• **AIM OF THE EXERCISE**
Repeat all of the records exactly, leaving out the pictures.

Image-text web data:
━━━━━━━━━━━━━━━━━━━━
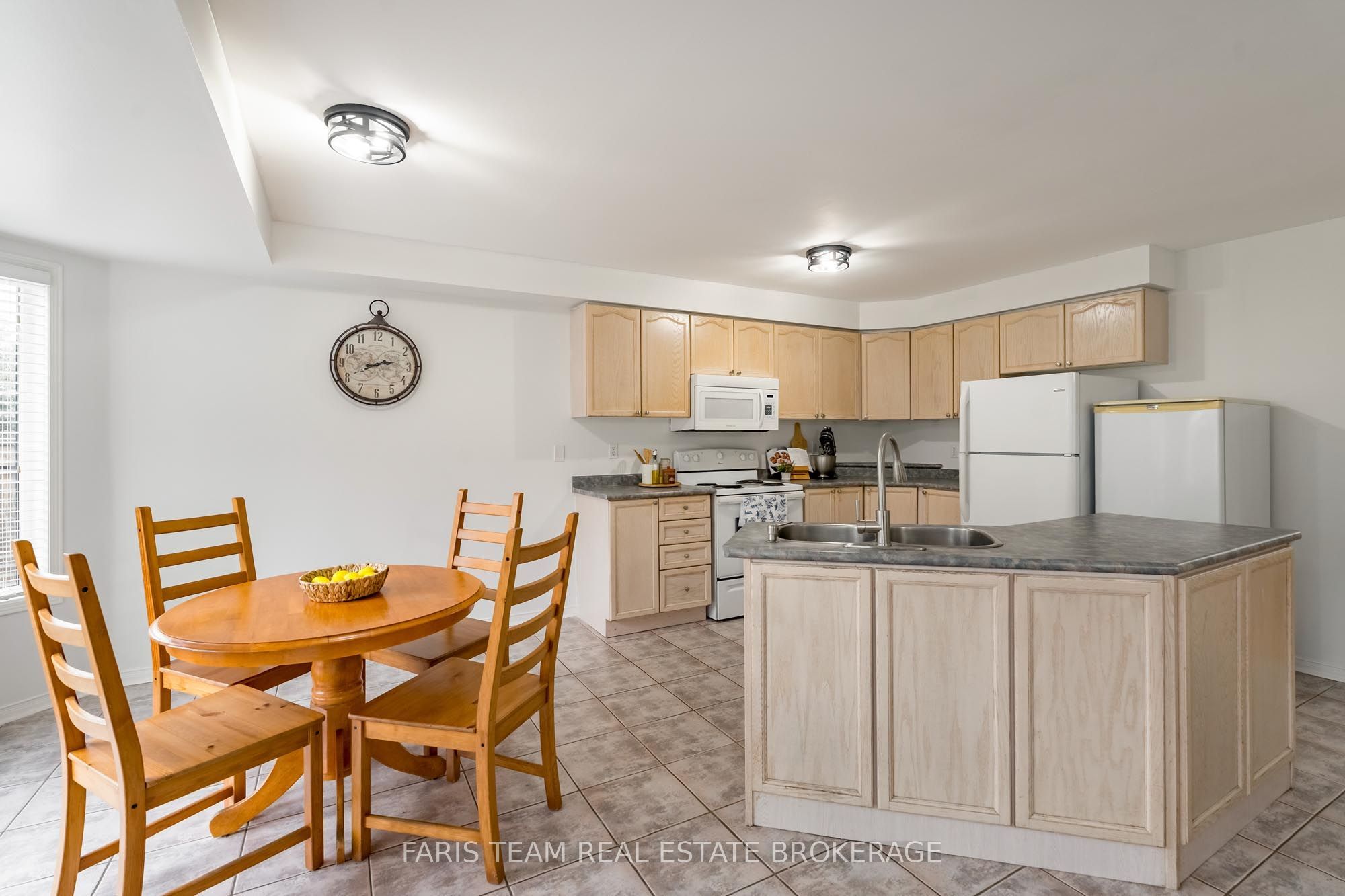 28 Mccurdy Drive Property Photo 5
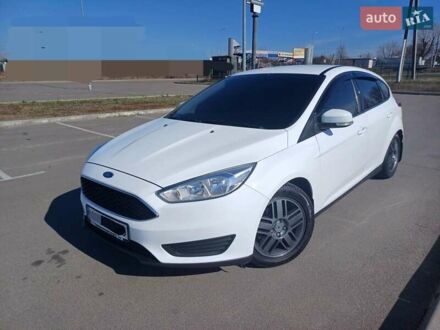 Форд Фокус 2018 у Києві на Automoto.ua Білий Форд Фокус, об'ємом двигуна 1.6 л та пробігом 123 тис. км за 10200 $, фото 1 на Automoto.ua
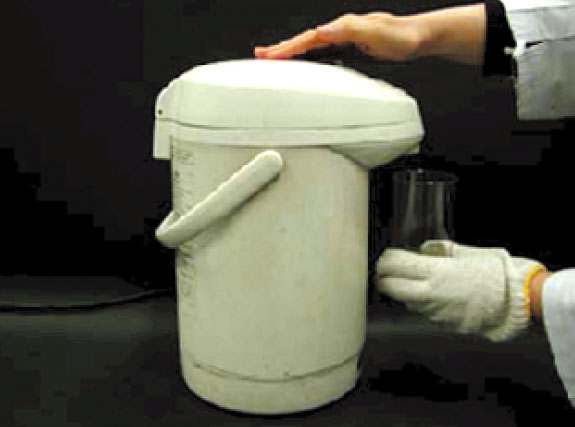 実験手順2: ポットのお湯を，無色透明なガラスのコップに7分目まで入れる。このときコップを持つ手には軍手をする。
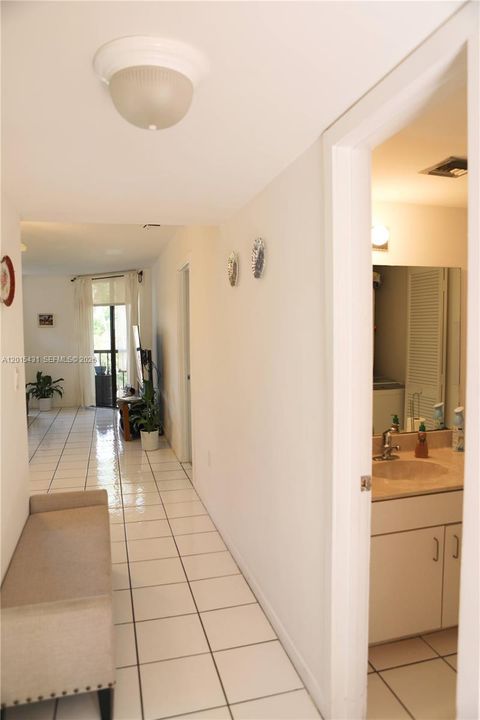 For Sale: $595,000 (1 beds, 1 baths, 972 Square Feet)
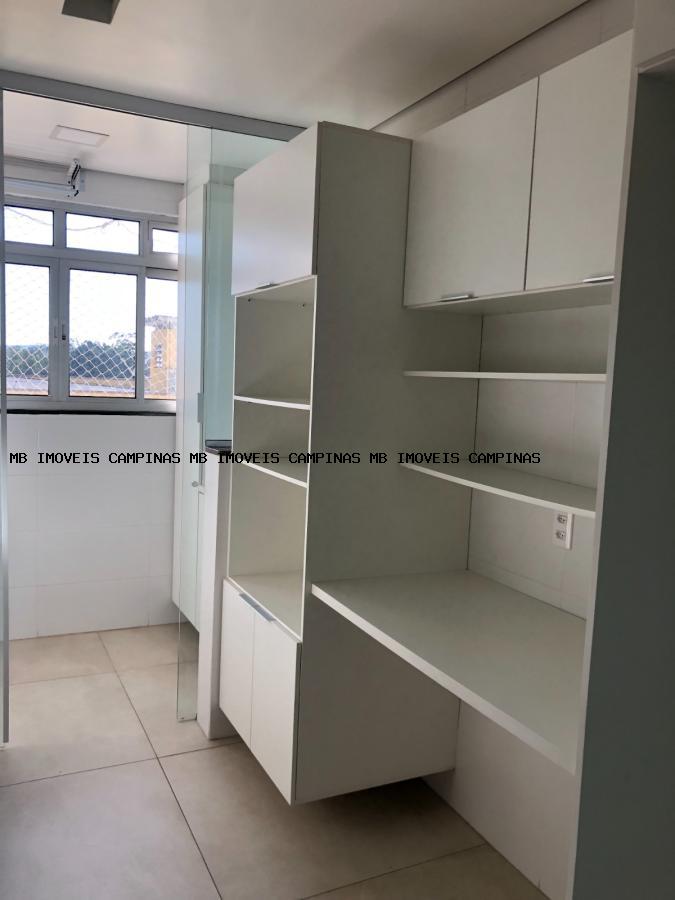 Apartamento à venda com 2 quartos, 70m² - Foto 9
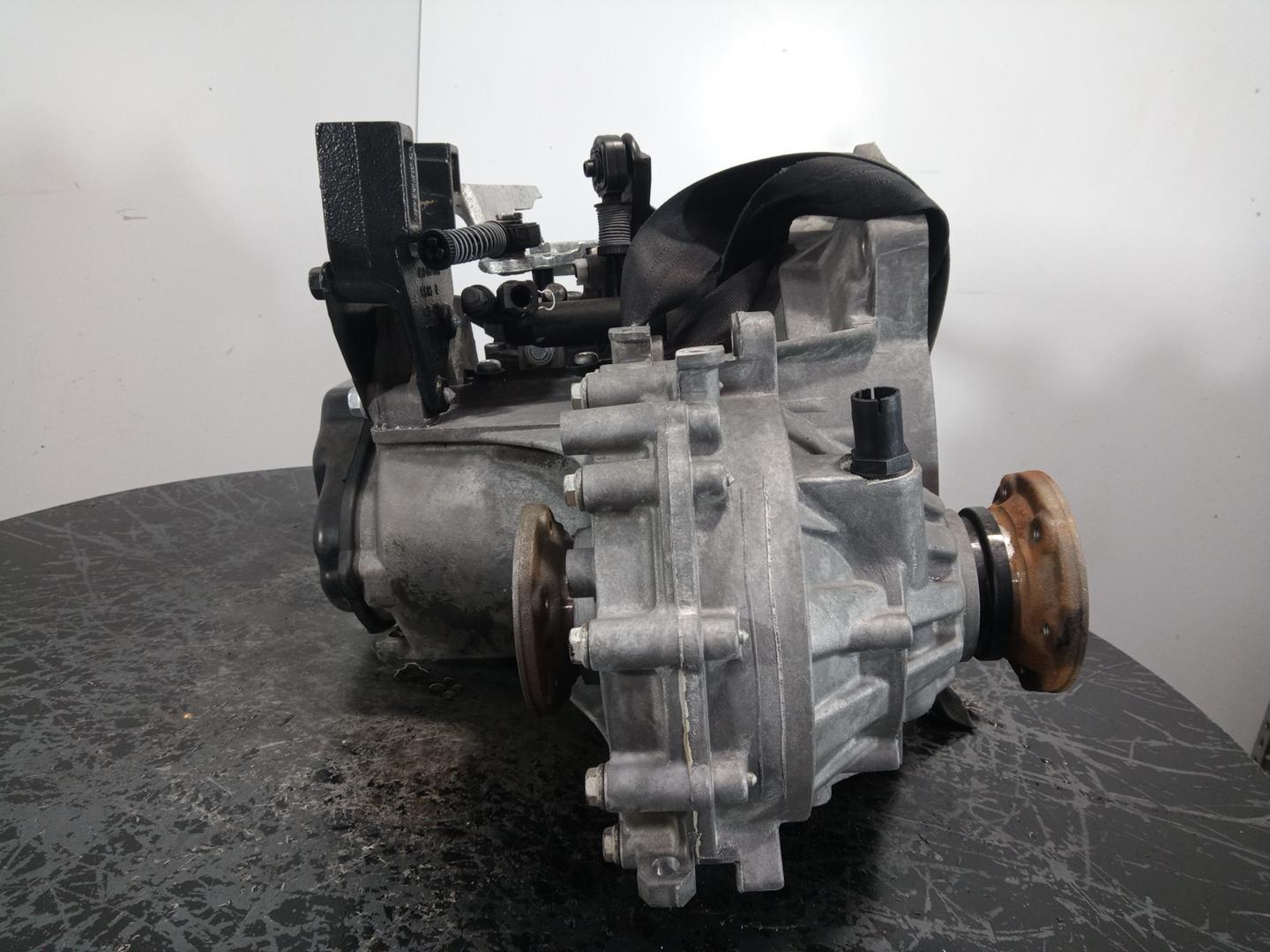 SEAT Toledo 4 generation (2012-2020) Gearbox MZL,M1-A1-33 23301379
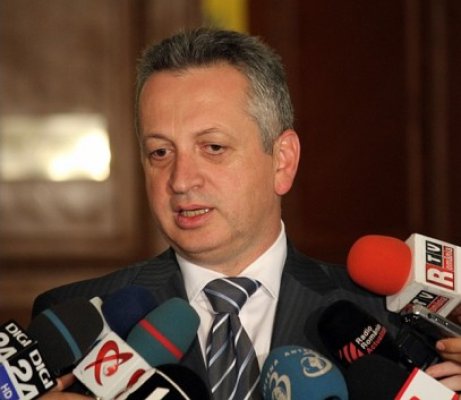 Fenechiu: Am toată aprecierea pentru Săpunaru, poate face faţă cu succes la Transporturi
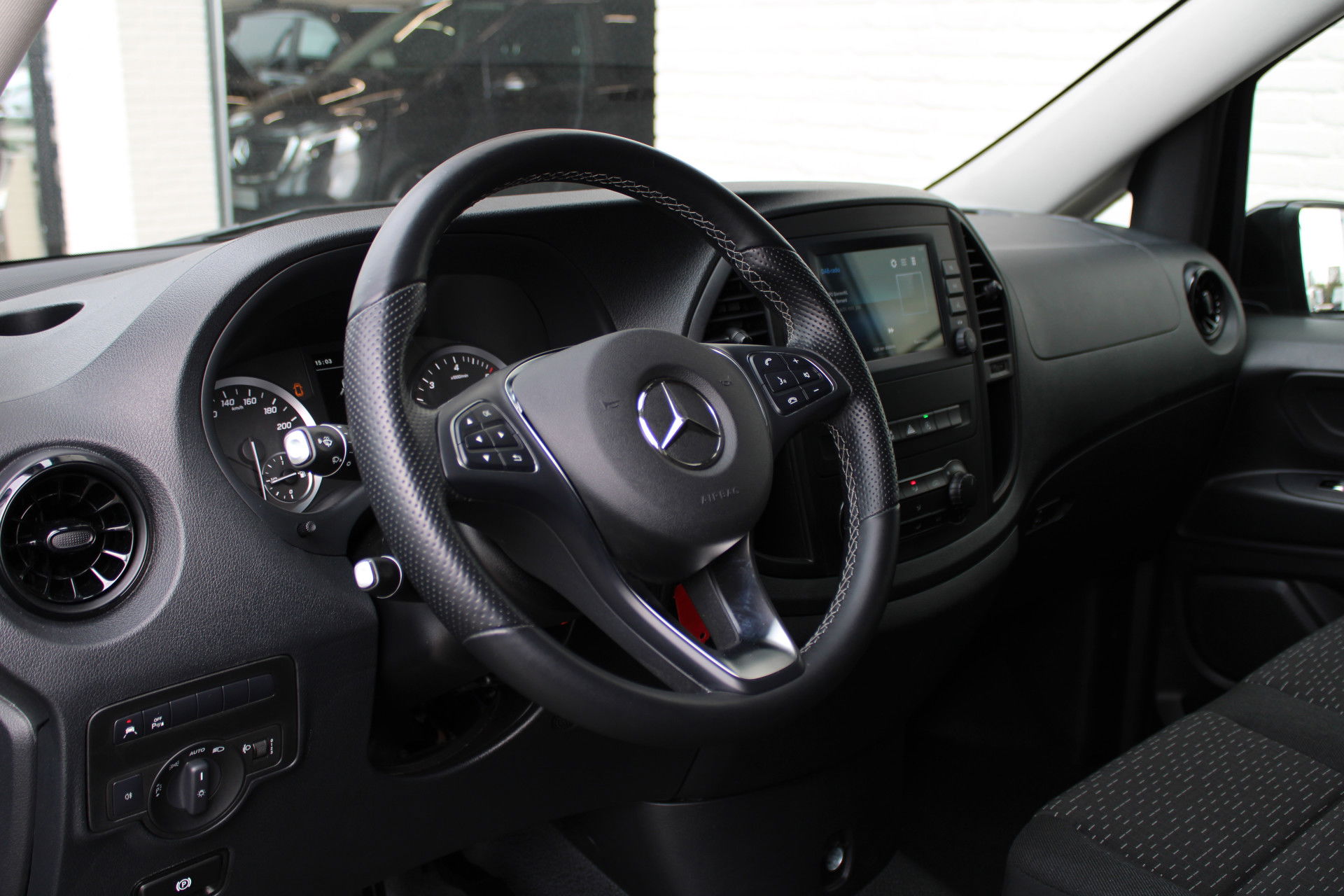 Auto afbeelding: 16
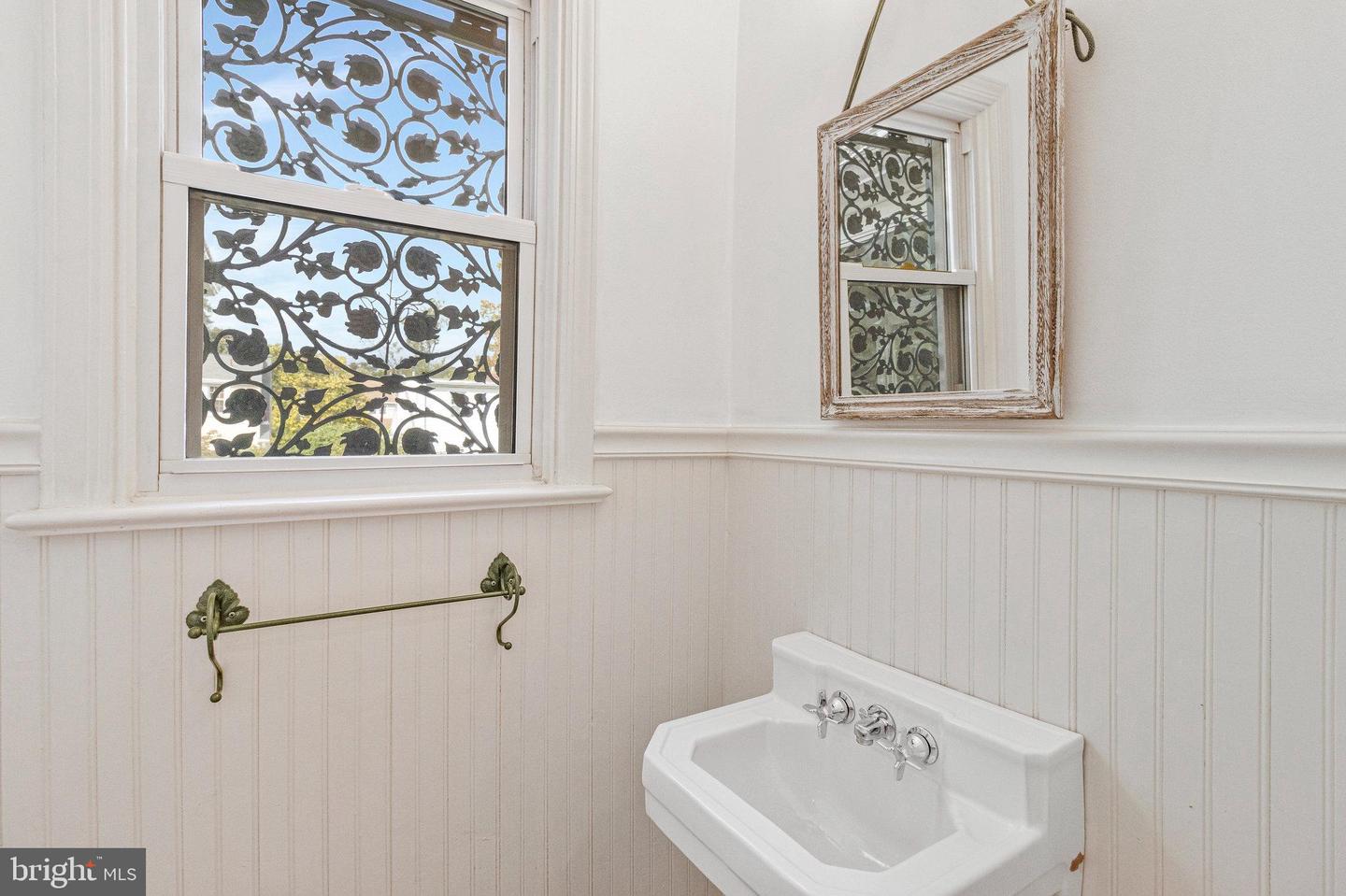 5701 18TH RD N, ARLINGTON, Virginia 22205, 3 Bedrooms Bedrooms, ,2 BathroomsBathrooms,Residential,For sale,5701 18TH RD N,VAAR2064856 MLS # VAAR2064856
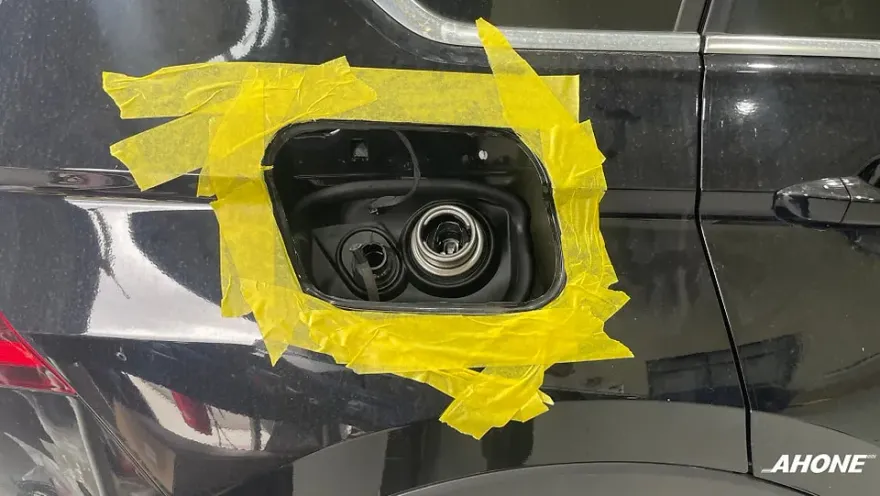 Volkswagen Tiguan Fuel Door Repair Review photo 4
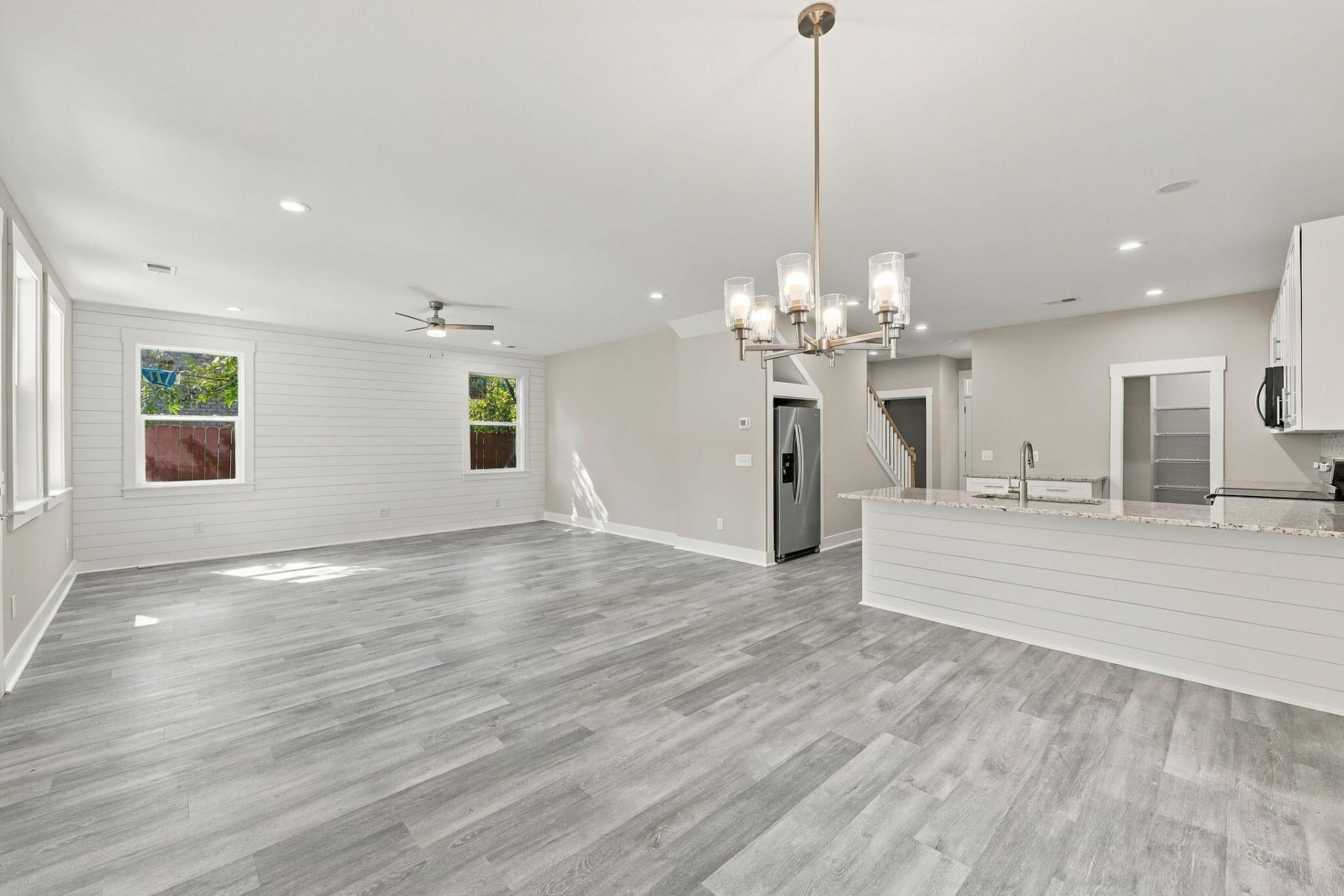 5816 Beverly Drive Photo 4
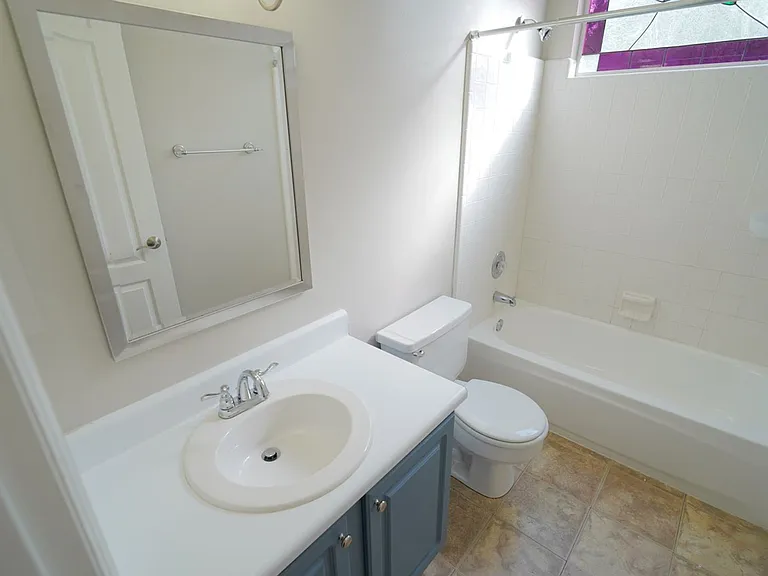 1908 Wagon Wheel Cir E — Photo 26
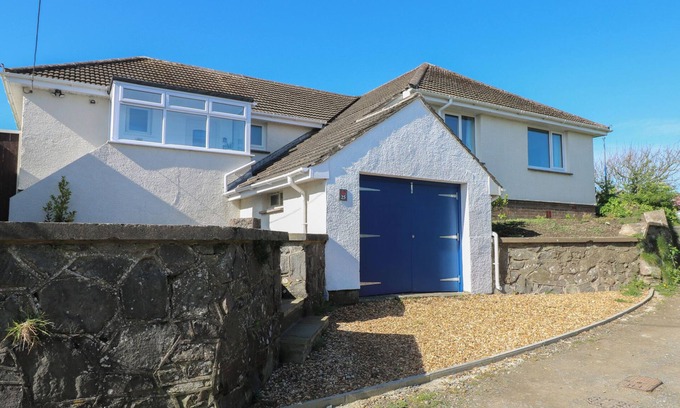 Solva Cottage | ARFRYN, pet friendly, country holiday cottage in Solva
━━━━━━━━━━━━━━━━━━━━
• **YOUR SOLUTION**
 28 Mccurdy Drive Property Photo 5
 Форд Фокус 2018 у Києві на Automoto.ua Білий Форд Фокус, об'ємом двигуна 1.6 л та пробігом 123 тис. км за 10200 $, фото 1 на Automoto.ua
 実験手順2: ポットのお湯を，無色透明なガラスのコップに7分目まで入れる。このときコップを持つ手には軍手をする。
 For Sale: $595,000 (1 beds, 1 baths, 972 Square Feet)
 Apartamento à venda com 2 quartos, 70m² - Foto 9
 SEAT Toledo 4 generation (2012-2020) Gearbox MZL,M1-A1-33 23301379
 Fenechiu: Am toată aprecierea pentru Săpunaru, poate face faţă cu succes la Transporturi
 Auto afbeelding: 16
 5701 18TH RD N, ARLINGTON, Virginia 22205, 3 Bedrooms Bedrooms, ,2 BathroomsBathrooms,Residential,For sale,5701 18TH RD N,VAAR2064856 MLS # VAAR2064856
 Volkswagen Tiguan Fuel Door Repair Review photo 4
 5816 Beverly Drive Photo 4
 1908 Wagon Wheel Cir E — Photo 26
 Solva Cottage | ARFRYN, pet friendly, country holiday cottage in Solva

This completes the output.